Setting the xfrm4_gc_thresh value to anything less than (4k * 2 * CPUS) will result in failures, and in fact there is no point in setting xfrm4_gc_thresh to ANYTHING other than INT_MAX because it doesn't actually remove any dst entries.


All that, unfortunately, is actually tangential to this real bug - the problem here is with multiple net namespaces (i.e. multiple containers) all running ipsec, the dst entry counter changes for one container can incorrectly be given to a different container - so one container could have its dst entry count steadily go down (incorrectly) while another container's dst entry count keeps going up (incorrectly).  The latter container there would eventually reach its 2 * gc_thresh limit and encounter dst allocation failures, making its ipsec network unusable.  Unfortunately, that error looks identical to the error when the dst entry counter is correct, but the number of system cpus is > 16 as described above.

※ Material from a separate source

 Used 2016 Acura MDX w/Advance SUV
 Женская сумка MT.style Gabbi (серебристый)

To test this fix, multiple containers must be started (just 2 is fine).  On each container, new ipsec connections should be created as fast as possible; e.g. something like:

while true ; do ping -c 1 OTHER_CONTAINER ; done

so each container is pinging each other - but it's important to use -c 1 so that each ping creates a new ipsec dst entry; just normal ping will re-use the existing dst entry.

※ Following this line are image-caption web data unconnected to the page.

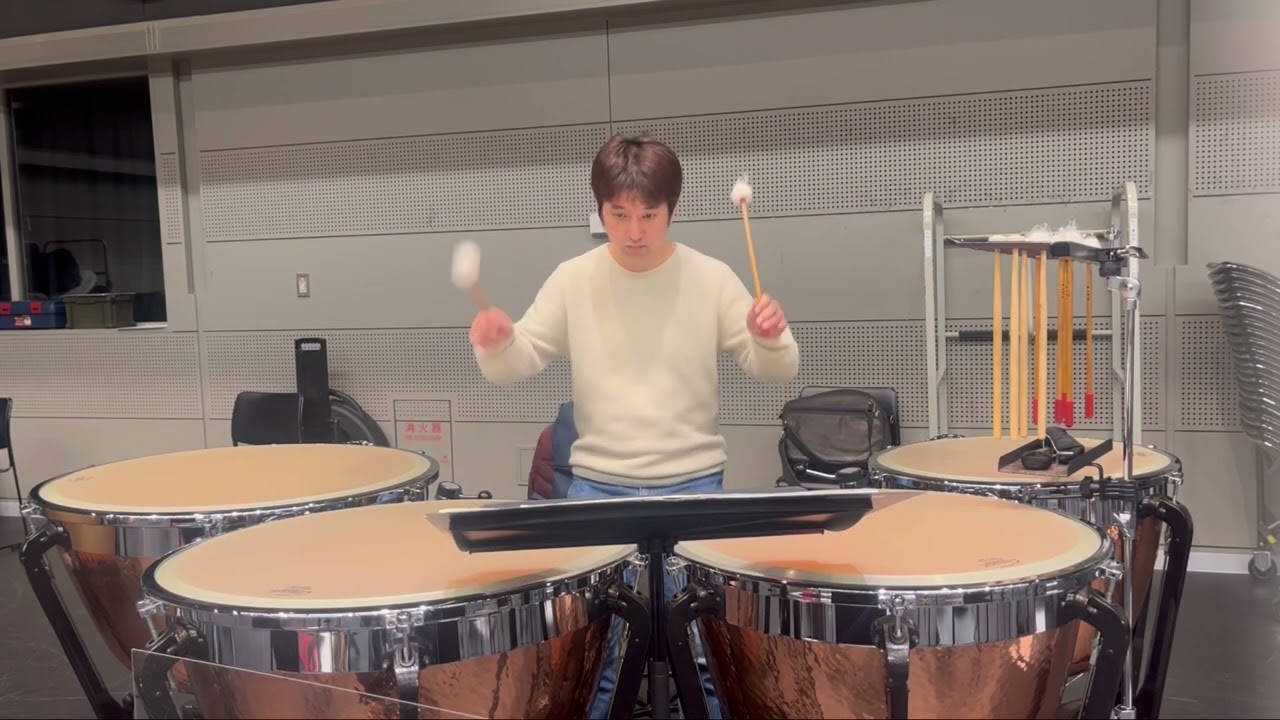Nick Woud : The Timpani Challenge No.16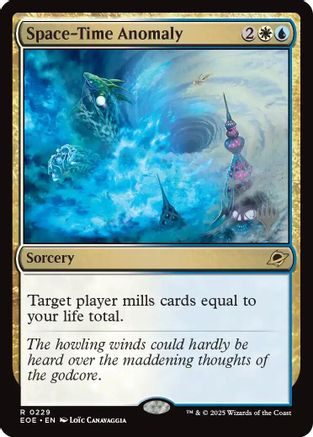Image of Space-Time Anomaly (Promo Pack) [Edge of Eternities Promo Pack]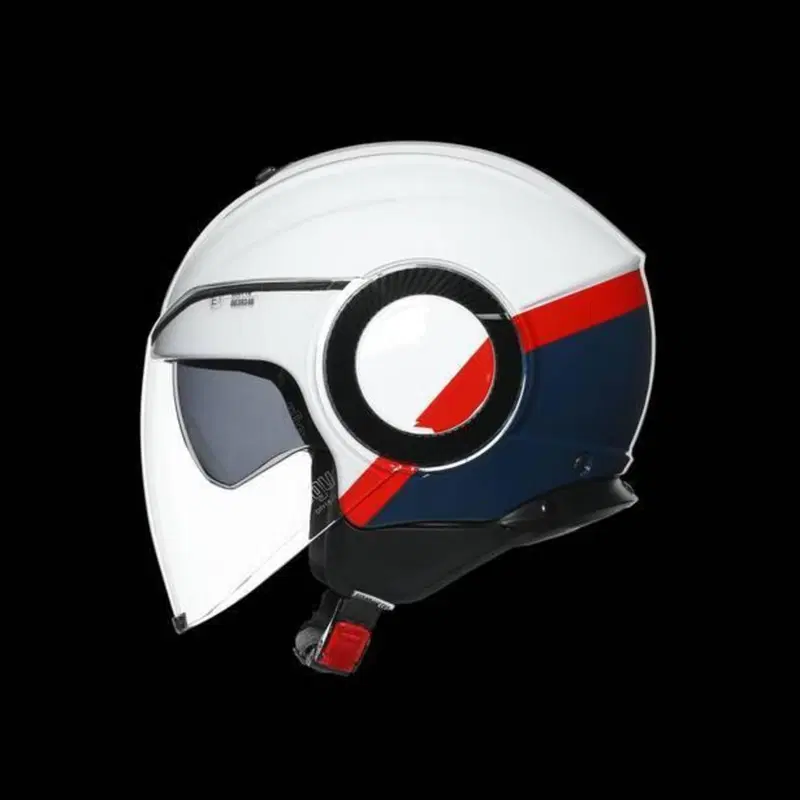 TRIMBOLI MOTO OFFERTA! CASCO ORBYT AGV JET BLOCK P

After a sufficiently long period (depending on the number of containers and number of cpus, and the luck of randomly incorrectly assigning dst entry count changes to different containers) one or more containers should get dst allocation failures and its ipsec network should not be usable anymore.  To speed up reproduction of this bug, lower the xfrm4_gc_thresh to a value ABOVE (2 * 4096 * CPUS), but close to it - e.g. something like 10k * CPUS.  With that gc_thresh value set, this bug should be reproducable fairly quickly (order of days or less) without the patch, but not reproducable with the patch (i.e. with the -proposed repo kernel).